We can then generate a bar plot of predicted cell proportions across samples
prop_barplot(prop = decon_res[[1]], interactive = TRUE)
# prepare sampleinfo, group1 and group2 were the two bulk sets we simulated eariler.
sampleinfo <- data.frame(condition = rep(c("group1", "group2"), each = 20))
row.names(sampleinfo) <- paste0("sample", 1:nrow(sampleinfo))
# prepare bulk samples
bulk <- bulk_sim[[1]]
# force data to be integers for DE purposes
for (i in 1:ncol(bulk)) storage.mode(bulk[, i]) <- "integer"
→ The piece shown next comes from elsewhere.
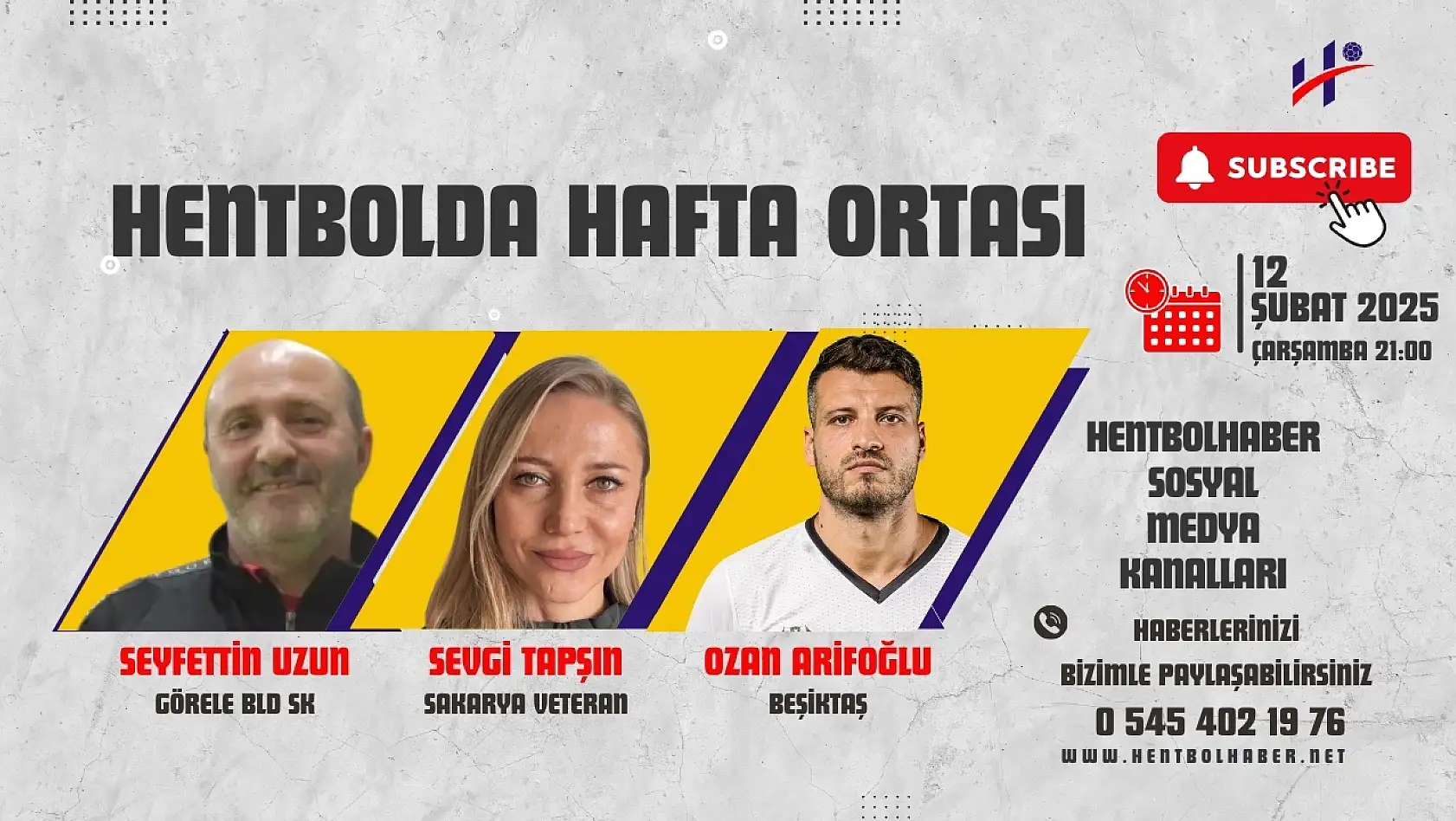 Hentbolda Hafta Ortası I 2024-25 | Seyfettin Uzun - Sevgi Tapşın - Ömer Ozan Arifoğlu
colnames(bulk) <- rownames(sampleinfo)
# prepare predicted cell-type proportions
prop = decon_res[[1]]
colnames(prop) <- colnames(bulk)
# perform DEA adjusting cell-type proportion differences
deres <- run_de(bulk = bulk, prop = prop, sampleinfo = sampleinfo, control = "group1", case = "group2",
de_method = "edgeR")
# perform DEA without adjusting cell-type proportion differences
deres_notadjust <- run_de(bulk = bulk, prop = NULL, sampleinfo = sampleinfo, control = "group1",
case = "group2", de_method = "edgeR")
Next, we can compare the effect of adjusting for cell-type proportion differences
comparedeg_scatter(results1 = deres[[2]], results2 = deres_notadjust[[2]], result_names = c("adjust for cell proportion",
"not adjust for cell proportion"), fc_cutoff = 1.5, pval_cutoff = 0.05, pvalflag = TRUE, interactive = TRUE)
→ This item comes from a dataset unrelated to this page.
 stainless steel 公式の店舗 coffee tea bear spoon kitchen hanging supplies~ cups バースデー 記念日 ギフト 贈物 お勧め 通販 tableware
As you can see, many false positive differential genes were detected without adjusting for cell proportion differences.
We also provide several visualization options for pathway enrichment results generated using GSEA software. Note that those functions are not compatible with the R implementation of GSEA. Also remember to run reformt_gmt()
to reformat the gene-set names before using GSEA.
reformat_gmt(gmtfile = "/path/to/gmt/file/", outputfile = "/path/to/reformatted/gmt/file/", replace = TRUE)
## here is one example of reformatted gmt file for kegg pathway
gmt <- read_gmt(gmtfile = paste0(system.file("extdata", package = "SCdeconR"), "/gsea/gmtfile/kegg.gmt"))
Prepare .rnk
file.
prepare_rnk(teststats = deres[[2]], outputfile = "/path/to/rnk/file/")
Use the reformatted .gmt
file and .rnk
file to run GSEA. You can download GSEA here. Do not use the R version implementation (our visualization functions are not compatible with GSEA R implementation).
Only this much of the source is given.